RECORDED INFORMATION –

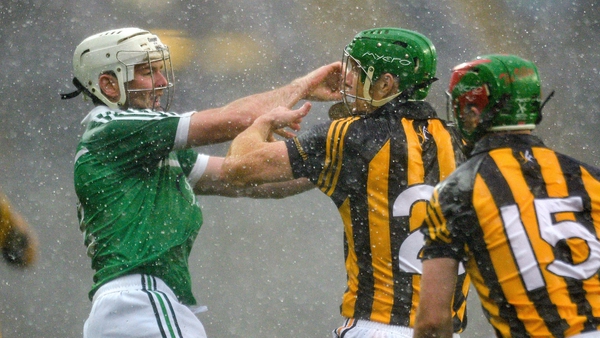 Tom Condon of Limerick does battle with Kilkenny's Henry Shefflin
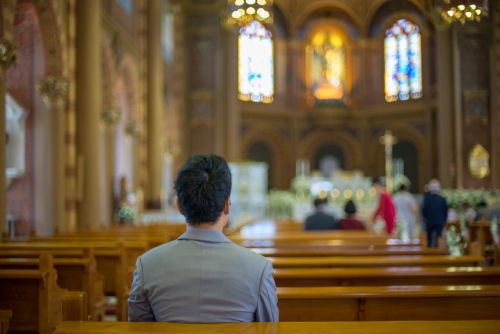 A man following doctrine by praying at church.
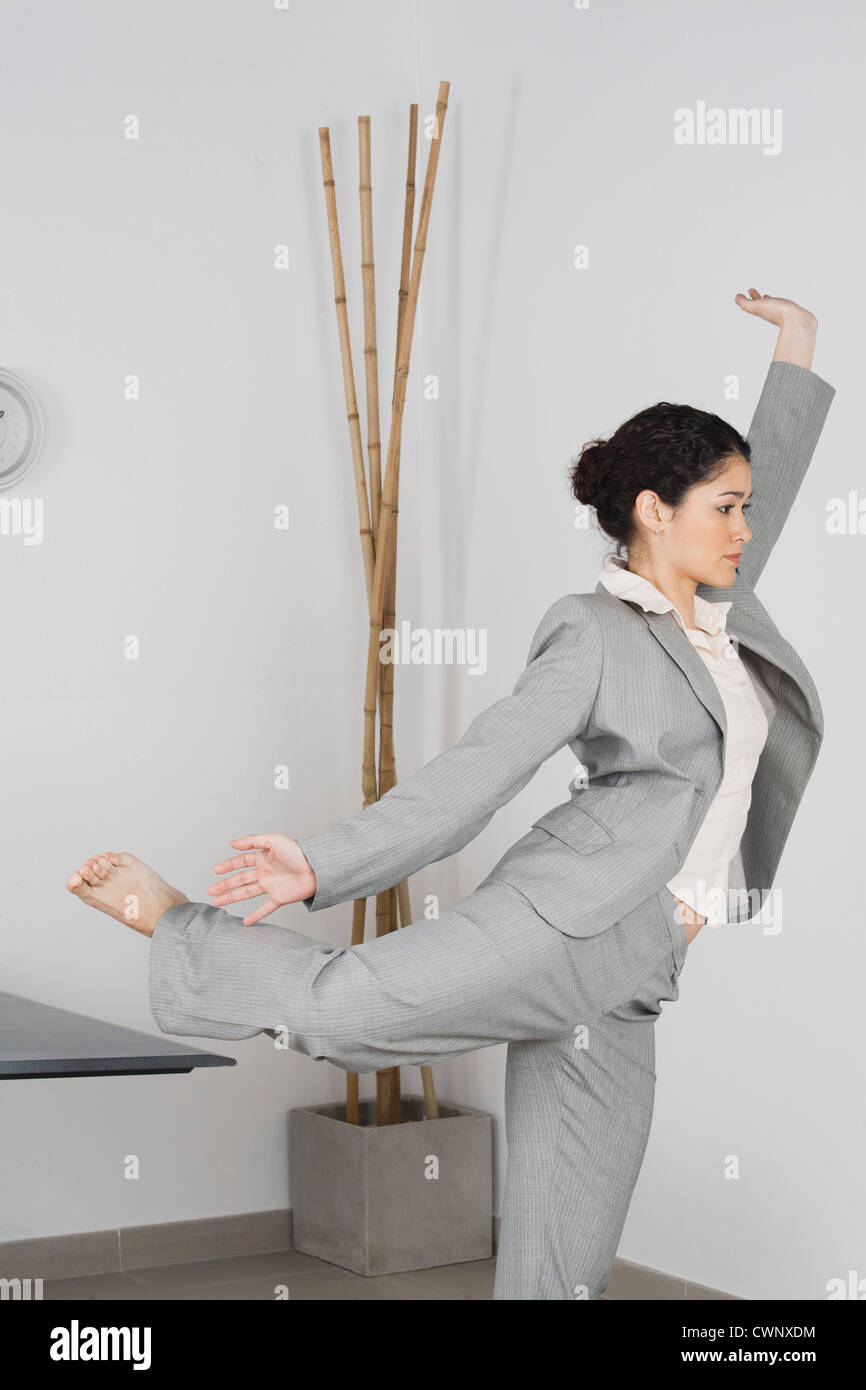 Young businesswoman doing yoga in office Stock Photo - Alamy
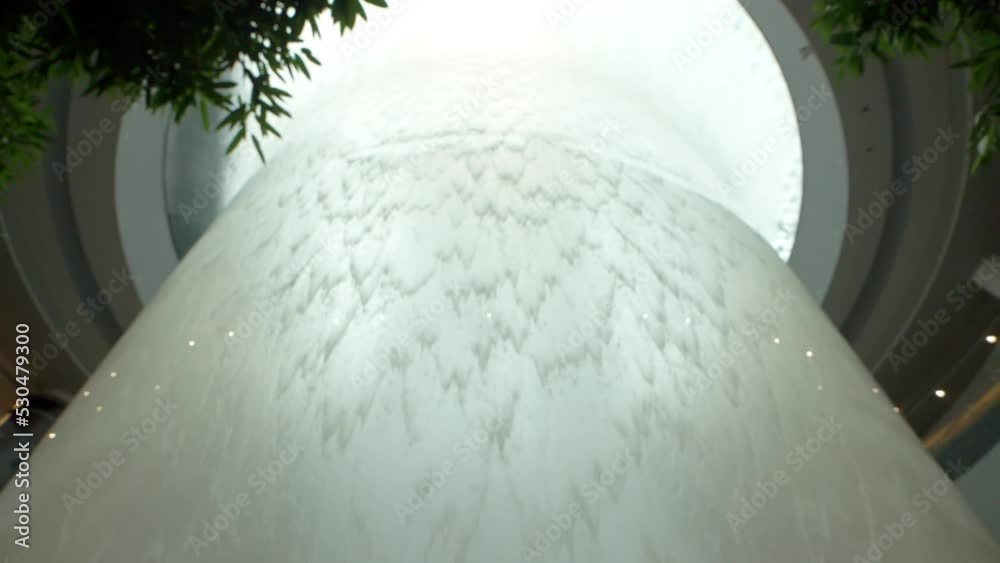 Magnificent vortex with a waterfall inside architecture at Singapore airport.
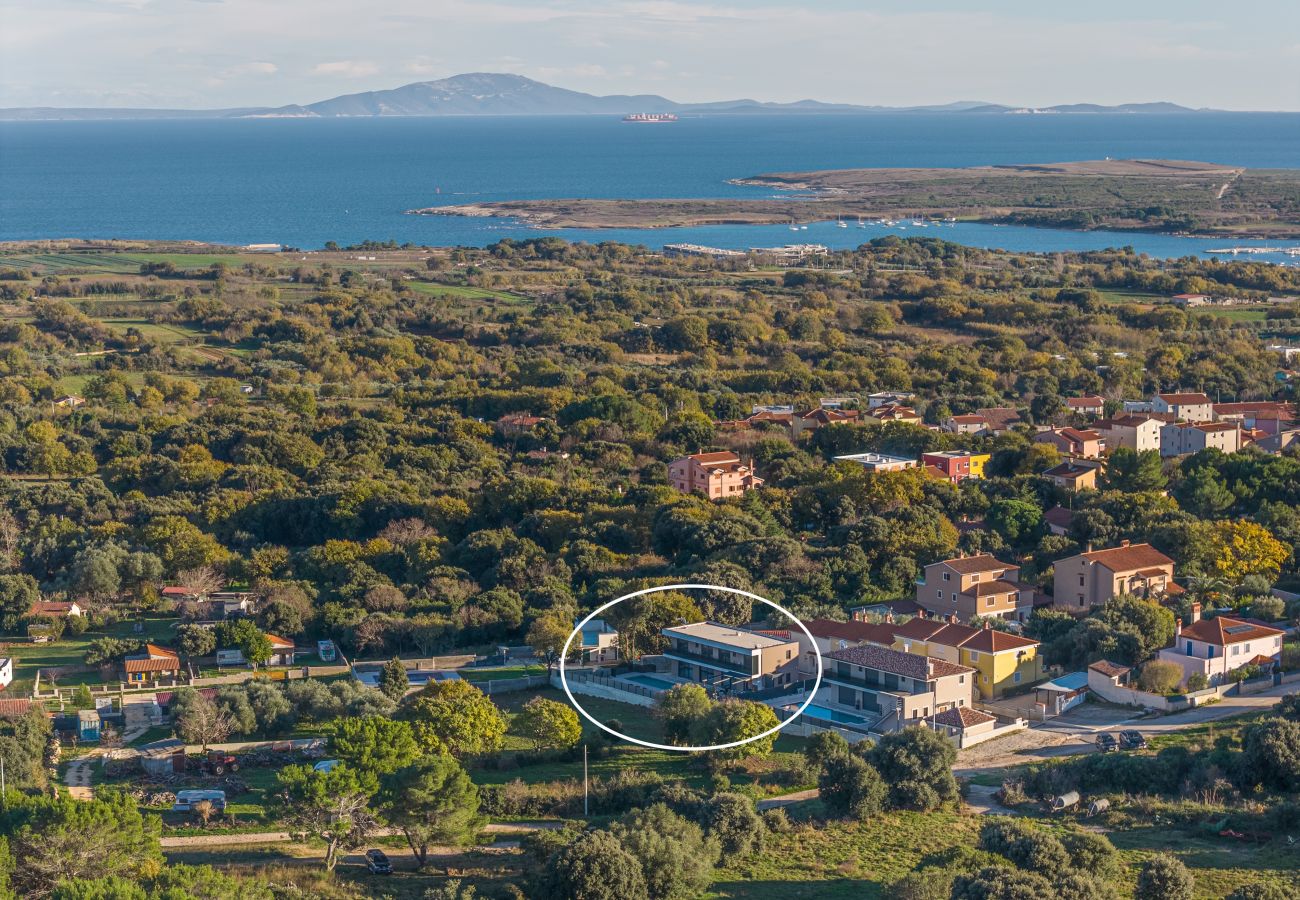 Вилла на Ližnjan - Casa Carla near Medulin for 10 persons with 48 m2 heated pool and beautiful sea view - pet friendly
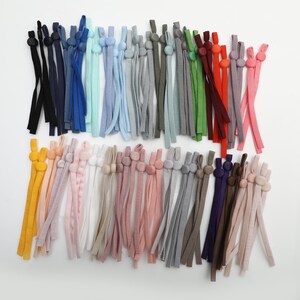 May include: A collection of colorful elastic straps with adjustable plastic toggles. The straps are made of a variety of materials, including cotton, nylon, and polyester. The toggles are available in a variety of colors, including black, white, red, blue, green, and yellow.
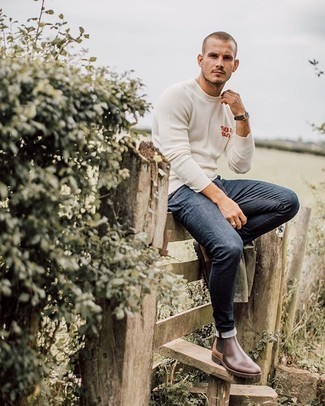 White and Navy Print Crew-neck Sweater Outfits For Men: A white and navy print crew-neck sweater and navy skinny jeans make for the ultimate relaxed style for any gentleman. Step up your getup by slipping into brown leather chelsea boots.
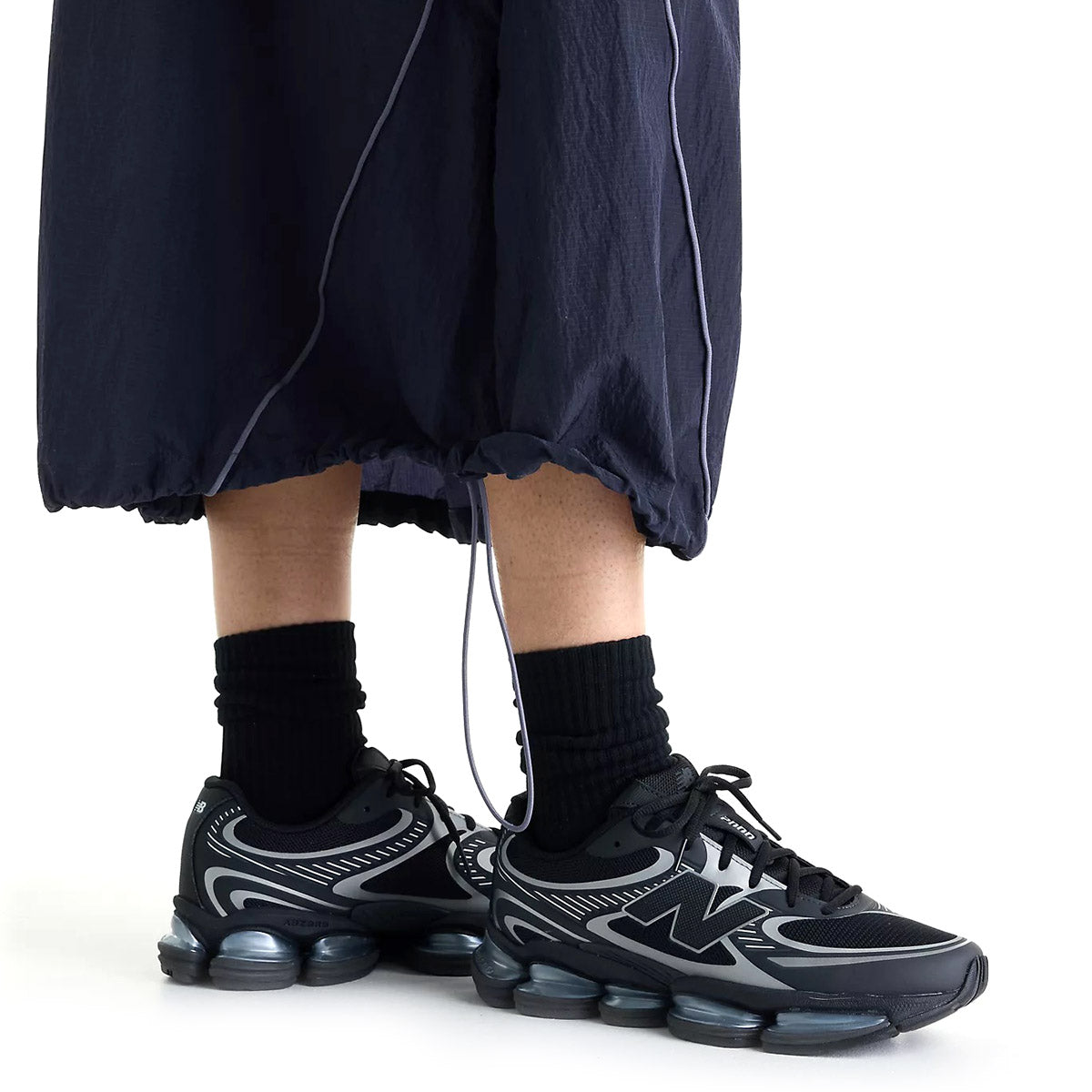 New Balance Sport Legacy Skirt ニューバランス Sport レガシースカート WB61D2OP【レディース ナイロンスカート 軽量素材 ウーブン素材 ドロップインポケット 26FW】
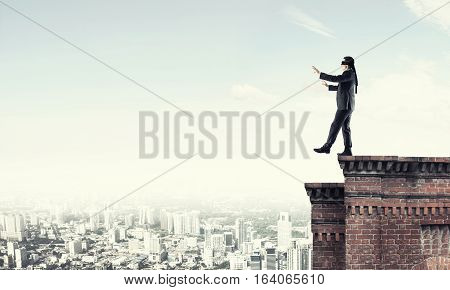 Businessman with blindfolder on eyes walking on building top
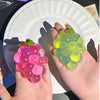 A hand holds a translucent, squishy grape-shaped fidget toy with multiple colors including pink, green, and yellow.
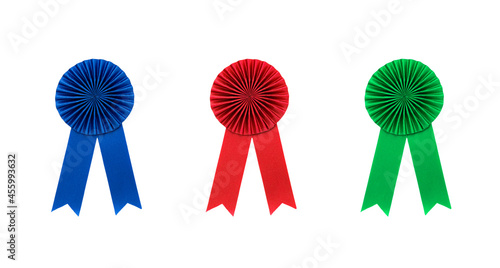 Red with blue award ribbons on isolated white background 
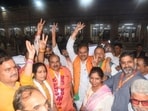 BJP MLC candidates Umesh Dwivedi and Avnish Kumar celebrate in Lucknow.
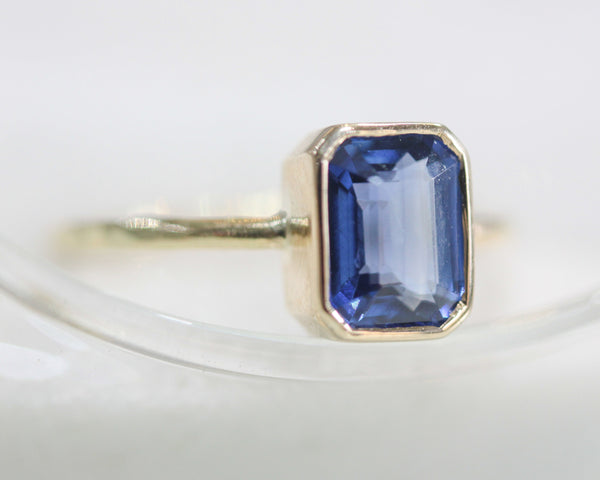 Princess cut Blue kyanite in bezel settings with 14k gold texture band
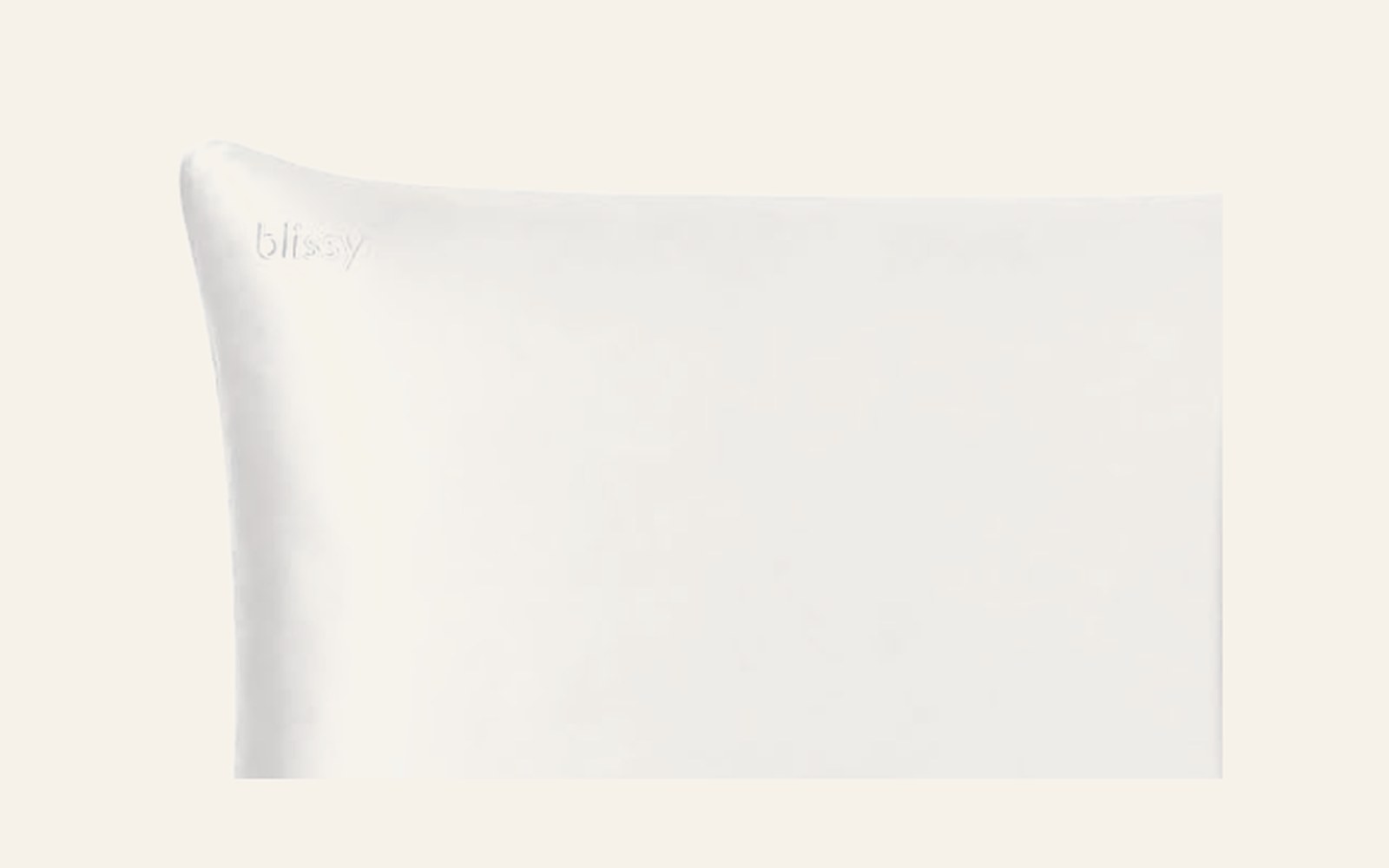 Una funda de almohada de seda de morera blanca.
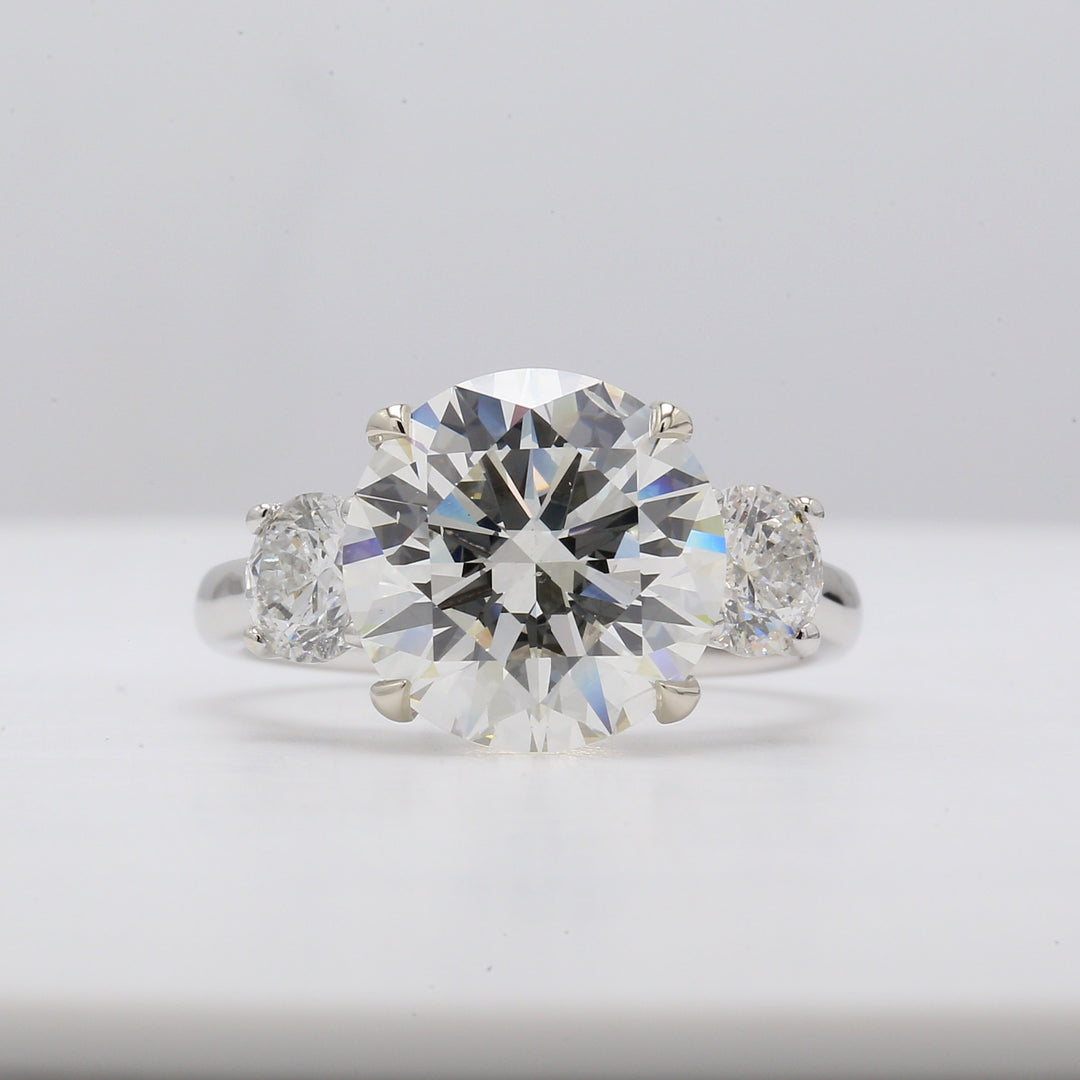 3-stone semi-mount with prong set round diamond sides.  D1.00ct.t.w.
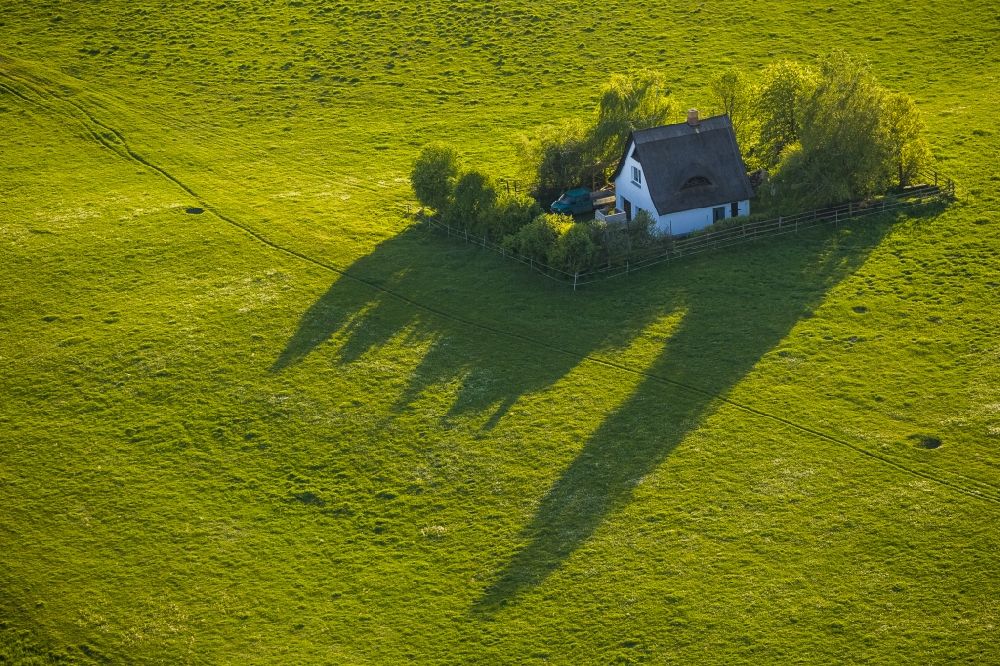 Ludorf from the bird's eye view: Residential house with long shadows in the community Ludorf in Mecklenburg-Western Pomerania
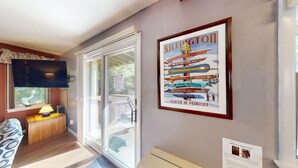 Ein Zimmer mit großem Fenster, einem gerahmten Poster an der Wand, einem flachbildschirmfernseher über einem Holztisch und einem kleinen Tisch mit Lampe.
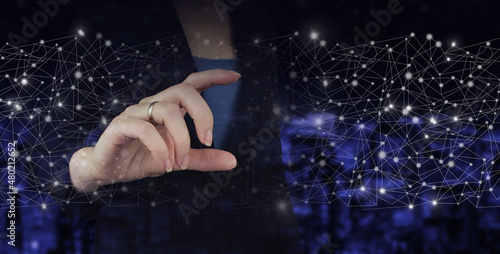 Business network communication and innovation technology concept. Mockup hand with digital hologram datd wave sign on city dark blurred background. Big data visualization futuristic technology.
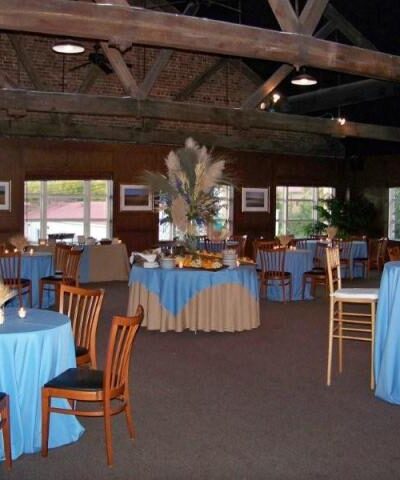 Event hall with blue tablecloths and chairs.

WORK ORDER – The expected output is every line from the line where "Ludorf from the" appears to the final line of the material, unchanged and with no pictures.

FINAL ANSWER –
 Ludorf from the bird's eye view: Residential house with long shadows in the community Ludorf in Mecklenburg-Western Pomerania
 Ein Zimmer mit großem Fenster, einem gerahmten Poster an der Wand, einem flachbildschirmfernseher über einem Holztisch und einem kleinen Tisch mit Lampe.
 Business network communication and innovation technology concept. Mockup hand with digital hologram datd wave sign on city dark blurred background. Big data visualization futuristic technology.
 Event hall with blue tablecloths and chairs.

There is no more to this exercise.